A presidente do Conselho Estadual de Educação Marcia Adriana de Carvalho explicou que a entidade priorizou dar corpo ao parecer nº 001 de 18 de março de 2020 buscando alternativas na lei para as atividades complementares, atividades domiciliares ou Ensino à Distância (EAD). “Boa parte da rede estadual está oferecendo atividades domiciliares. Neste momento não temos como monitorar. Mas estamos pensando em alternativas para conseguir fiscalizar essas atividades”, destacou.

O 2º vice-presidente do CPERS, Edson Garcia, salientou que a preocupação do CPERS neste momento é com as vidas das pessoas. Mas chamou atenção para a apreensão da categoria com os descontos salariais e ataques contínuos. “Foram descontos da greve, que recuperamos e o governo não pagou, e agora a redução do difícil acesso. Em nenhum momento o governo discutiu conosco essas mudanças.”
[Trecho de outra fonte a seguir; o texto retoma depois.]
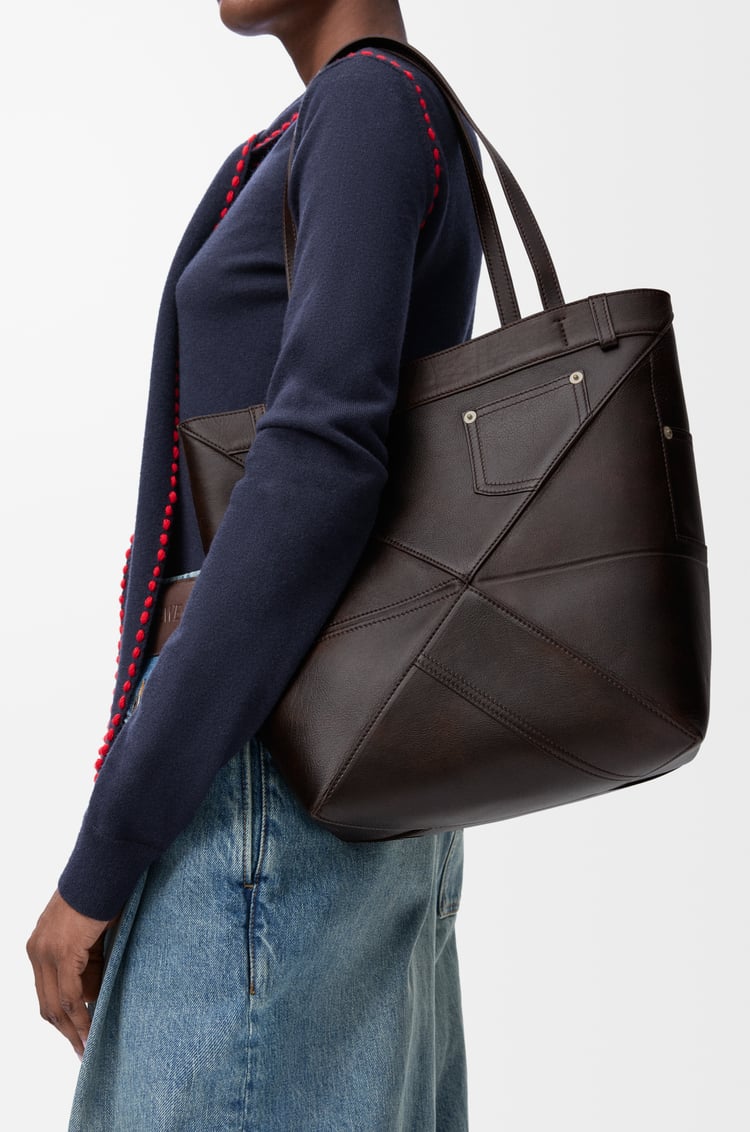 LOEWE Panta medium Puzzle Fold tote in shiny calfskin Vintage Brown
Edson expôs que as alterações reduzem salários de 70% dos educadores e que apenas quatro instituições tem 100% do difícil acesso. “A mantedora resolveu fazer esses descontos nesse momento de pandemia, onde não podemos acumular perdas financeiras”, observou.

O 2º vice-presidente destacou no final da sua fala a importância de uma audiência com o governo para debater diversas questões como os descontos salariais e também a preparação das voltas às aulas.

A deputada Sofia Cavedon destacou o excelente trabalho que os professores e equipes diretivas estão fazendo mesmo com todas limitações e constatou que o que fica explicito com a situação atual é o descaso e falta de investimentos na educação pública. “O que se desnuda é o desinvestimento na escola pública. O que aparece é o empobrecimento da educação pública, não só dos professores como dos estudantes da rede pública”, afirmou.

Suspensão das aulas

O representante da Seduc, Silvio Zomer explicou que a diretriz primária da secretaria nesse momento de pandemia é a preservação das vidas. E ressaltou que a suspensão das aulas presenciais por mais alguns dias é inevitável. “Estamos trabalhando com pelo menos mais 20 dias de suspensão das aulas em maio. Temos feito um planejamento dia-a-dia para ver o que vai acontecer. ”

Tecnologia para as aulas

Silvio declarou que a Secretaria está com tratativas com TVE, Google e com telefonias para oferecer aulas online. “São parcerias que estão se encaminhando. ”

Cestas básicas

O representante da Seduc prometeu que até a próxima terça-feira (5) todas as escolas terão recebidos as cestas básicas, que serão distribuídas para as famílias de estudantes mais vulneráveis.

“No primeiro momento houve a distribuição das merendas que haviam nas escolas. Agora já temos um pedido para mais cestas para o mês de maio. Mas ainda não temos liberado valores para aquisição destas cestas”, explicou.

Atividades domiciliares serão contadas como dias letivos  

“Sabemos que nem todos alunos tem acesso à internet, as aulas programadas são atividades domiciliares por meios de canais digitais. As aulas programadas serão consideradas dias letivos. Caso os estudantes precisarem de aulas de reforço isso será avaliado e feito”, concluiu Silvio.